Companies have expanded outside their home country boundaries in search of increased profits by way of sales in new markets and reductions in manufacturing costs. International strategic approaches traditionally used by companies include mergers, acquisitions, direct foreign investment, exports, licensing, and joint ventures. These approaches allow companies to exploit market imperfections through factor inputs (such as labor and capital) or raw materials (such as natural resources) that can be obtained cheaper in foreign markets. However, companies have been criticized because these approaches allow for the extraction and exploitation of human, political, natural, and economic resources during their conversion to finished goods.

In response to the criticisms of globalization and the problems stemming from traditional international strategies, Prahalad and Hart (2002) envisioned an alternative approach that would provide mutual benefit to the multinational corporation and to those most exploited and negatively affected by globalization. In their seminal work, Prahalad and Hart (2002) define base of the pyramid strategies as “selling to the poor and helping them improve their lives by producing and distributing products and services in culturally sensitive, environmentally sustainable, and economically profitable ways” (p. 2). In theory, BOP strategies achieve environmental sustainability as well as improved lives and economic conditions for residents in the BOP. Subsequent work by Prahalad (2005), Hart (2005), and others have further refined the base of the pyramid strategy and interest in BOP strategies has grown in both the business school curriculum (Damast, 2007; The Aspen Institute, 2007) and the business world.

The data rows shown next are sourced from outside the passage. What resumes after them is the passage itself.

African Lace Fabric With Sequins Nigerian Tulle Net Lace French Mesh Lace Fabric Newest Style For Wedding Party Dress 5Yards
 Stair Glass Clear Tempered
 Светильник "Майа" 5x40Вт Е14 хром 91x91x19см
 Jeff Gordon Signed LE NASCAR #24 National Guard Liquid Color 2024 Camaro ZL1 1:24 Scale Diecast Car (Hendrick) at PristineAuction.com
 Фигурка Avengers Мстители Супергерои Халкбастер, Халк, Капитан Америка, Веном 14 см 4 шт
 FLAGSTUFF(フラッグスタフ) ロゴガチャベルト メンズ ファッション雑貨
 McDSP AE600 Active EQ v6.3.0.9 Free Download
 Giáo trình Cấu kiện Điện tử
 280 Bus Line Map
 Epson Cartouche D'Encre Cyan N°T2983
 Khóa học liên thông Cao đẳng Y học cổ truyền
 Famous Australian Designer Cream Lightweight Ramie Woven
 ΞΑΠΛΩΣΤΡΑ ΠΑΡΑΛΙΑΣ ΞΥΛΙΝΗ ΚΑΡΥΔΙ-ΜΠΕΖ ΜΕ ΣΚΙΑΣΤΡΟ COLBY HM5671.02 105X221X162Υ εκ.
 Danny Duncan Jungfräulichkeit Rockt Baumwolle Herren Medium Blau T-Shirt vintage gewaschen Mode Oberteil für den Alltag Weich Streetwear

Examples continue to accumulate of businesses with success in the base of the pyramid (BOP), fueled by innovation in new products, services, and/or business models. However, this chapter will discuss unintended consequences or outcomes of BOP strategies which may not always result in environmental sustainability, improved lives in the BOP, and improved economic conditions. In the past, there has historically been a pursuit of profit as the motive for MNC international strategies in emerging economies. The focus on profit maximization and shareholder wealth has resulted in negative consequences associated with international strategies in emerging economies. Yet even with the recent interest in more responsible BOP strategic approaches, this chapter reveals current BOP examples that demonstrate some of the same negative unintended consequences as international strategies and examples that continue to put profit ahead of responsibility and sustainability. This discussion of international and BOP strategies is organized along a triple bottom line approach addressing the social impact, environmental impact, and economic impact of selected MNC base of the pyramid strategic activities.